Loading...
Puisi Filsafat

SATU yang selalu gemar kucendang,
satu yang selalu kusadar 
yakni pandangan palsu, 
yang melahirkan candu, 
dan seringai legit menciptakan rindu.

kala mentari terbenam
kala binar senja menyilaukan tatapan, 
kau berkaca-kaca di balik corak gelisah,
bayangmu perkasa, bak putri seorang raja

terakhir 
kudengar engkau berduka atas 
garis hidupmu, 
yang melahirkan 
seringai legitmu.

andaikan engkau sudi menjadi permaisuriku, 
tak bakal kubiarkan kekelaman melekatimu.

Puspa yang Kembali Mekar

KISAH balik yang sudah berselang, 
ku teringat seringai legitmu di jendela mobil, seraya engkau berceloteh, "jaga hatimu untukku."

duhai permaisuriku, 
engkau datang kembali di kala ku tengah menjerit membekukan rasa sakit

kita lerai sebab ruang dan waktu, 
namun kita kembali dipertemukan 
karena sang kala, 
yang melahirkan puspa yang mekar nan indah. 

Si Tuan Hati

KAU tak bakal jadi kepunyaanku;
namun ku selalu jadi kepunyaanmu, 
engkau begitu indah bagiku yang lesu nan kotor, mereka berkunjung kepadaku seraya bertanya "kamu siapa?"

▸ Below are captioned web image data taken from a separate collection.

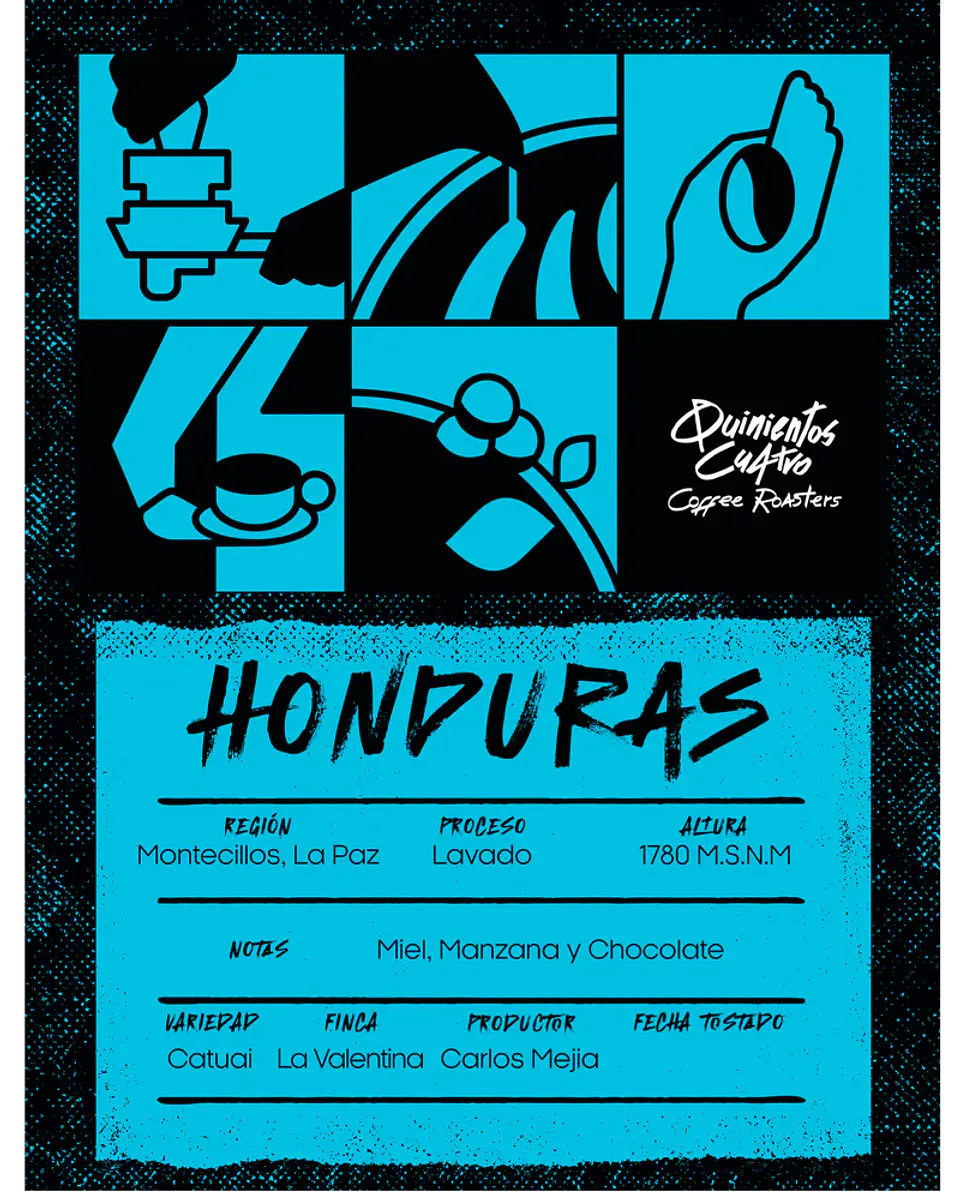 cafe de grano - Honduras 1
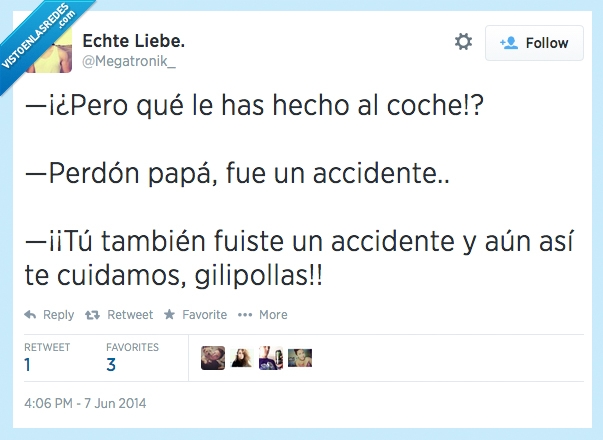 388670 - ¿Qué le has hecho al coche, gomarrota? por @Megatronik_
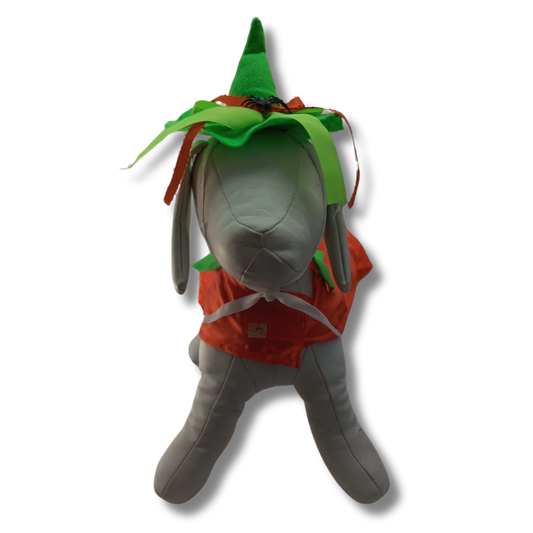Disfraz En Forma De Calabaza Vestido Para Mascotas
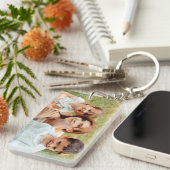 Family Photo Keepomwille Sleutelhanger (Voorkant Rechts)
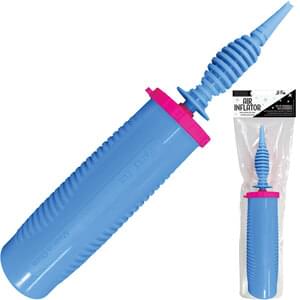 Hand Held Air Pump - blue/pink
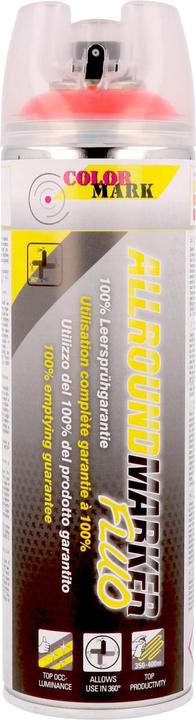 Produktbild Colormark Markierspray (Leuchtrot, 0.50 l)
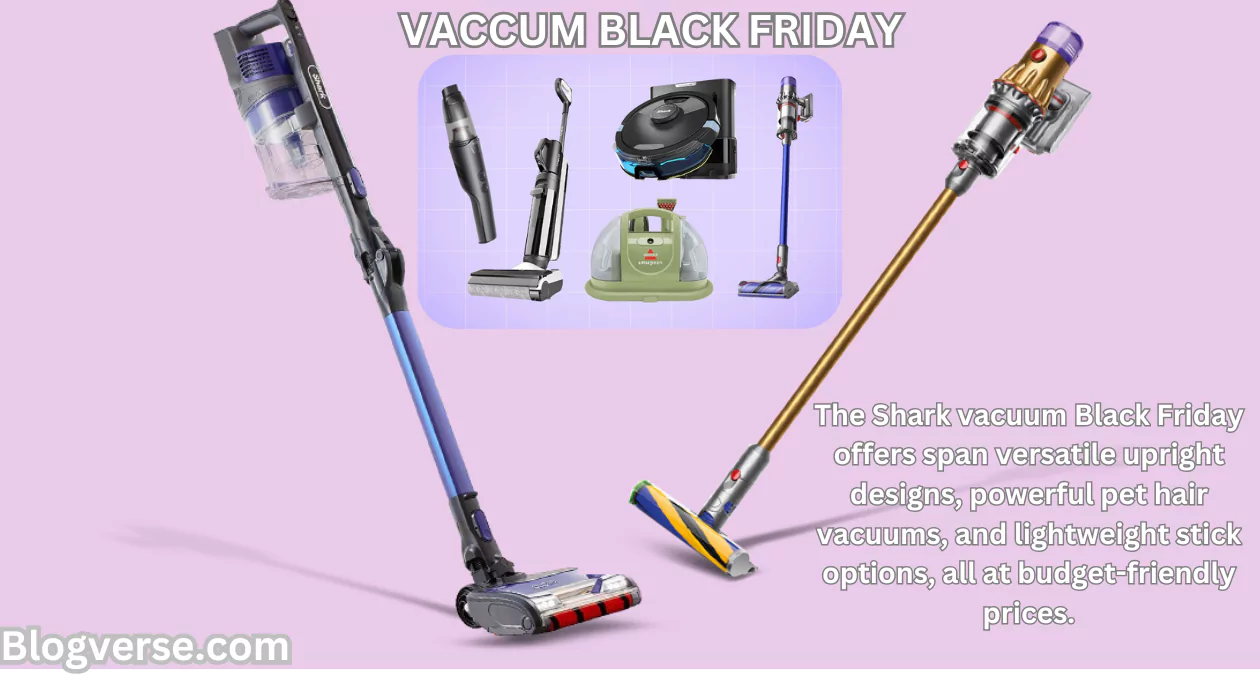 vacuum black friday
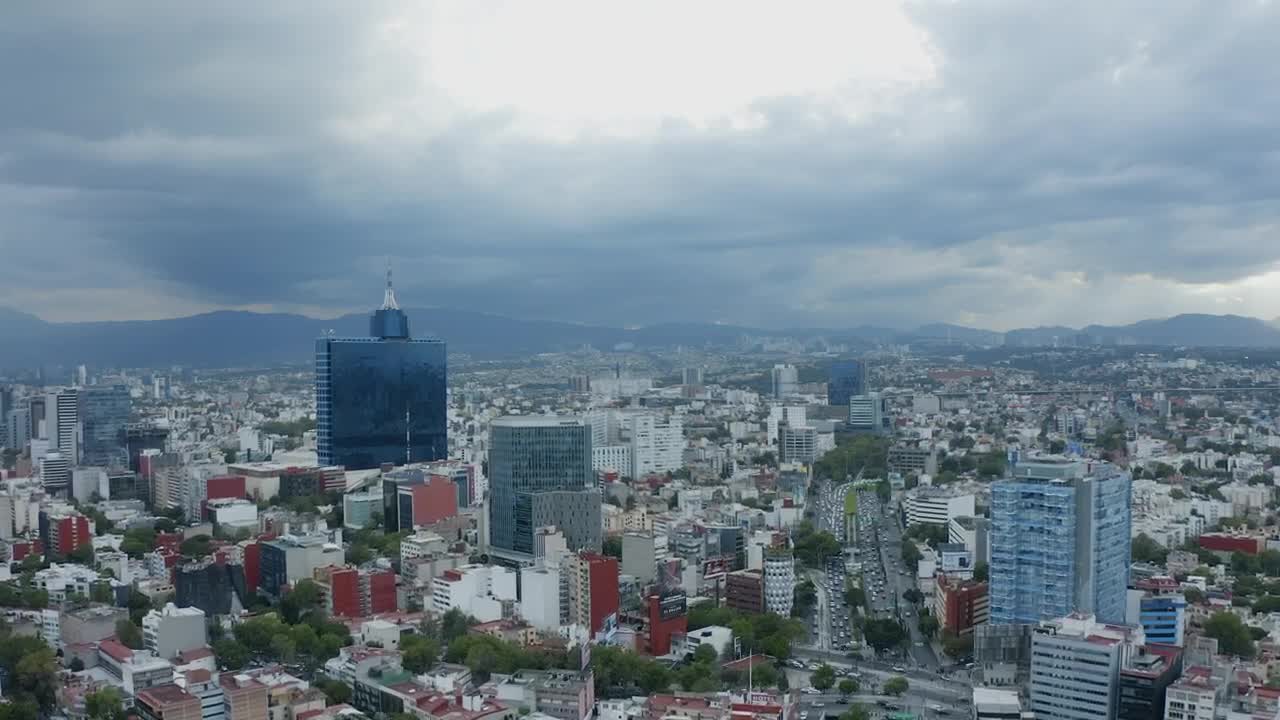 Stock Video Downtown Mexico City Live Wallpaper For PC - Free Download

aku bukanlah seorang pujangga bestari, 
aku sejawat berego 
dan kemurkaanmu yang selalu di sisimu
sampai kita menjelma sepasang kekasih 
yang berbalas cinta dan asih.

Egomu Sahabatku

SETIAP saat ku selalu menggisar otakku, setiap saat aku bertikai bersama hatiku;

"cara apalagi" pintaku di keheningan, 
segala kaidah telah kulakukan, 
jari-jemariku tak jeda membongkar materi, 
yang melahirkan kesenangan 
dan melukiskan seringai legit biraimu

namun tak selalu pantas seperti itu,
ada kalanya engkau yang beralih
satu arah,
aku yang kau sambut, 
coba lah mengelih dari penjuru 
penglihatanku, 
tak harus lewat batas asumsi tentangku, 
supaya kau kenal;
aku jua mempunyai ego.

Cair yang Membeku

KALA senja bergegas pergi 
membelakangimu, percayalah 
ia bakal pulang di jemah musim, 
kala fajar melupakan binarnya,
ketahuilah ia bakal bertolak di senja hari

bahkan cerminanmu bertolak dalam kelam, mencadangkan cacat 
yang memerihkan, 
lamun indah seringaimu tak bakal buyar
kendati, pun telah tergores pedang.

bodoh jika aku melepaskanmu.
maaf membuat batinmu sengsara, 
engkau melacak entitas yang beralamat 
dan jangkap
melamunkan hati yang menampung;
kau dan kurangmu

kendati, pun 
watakmu yang lebur 
telah mengeras, 
izinkan aku mengesat bengis 
dan balik menjelma irama pembawa tidur.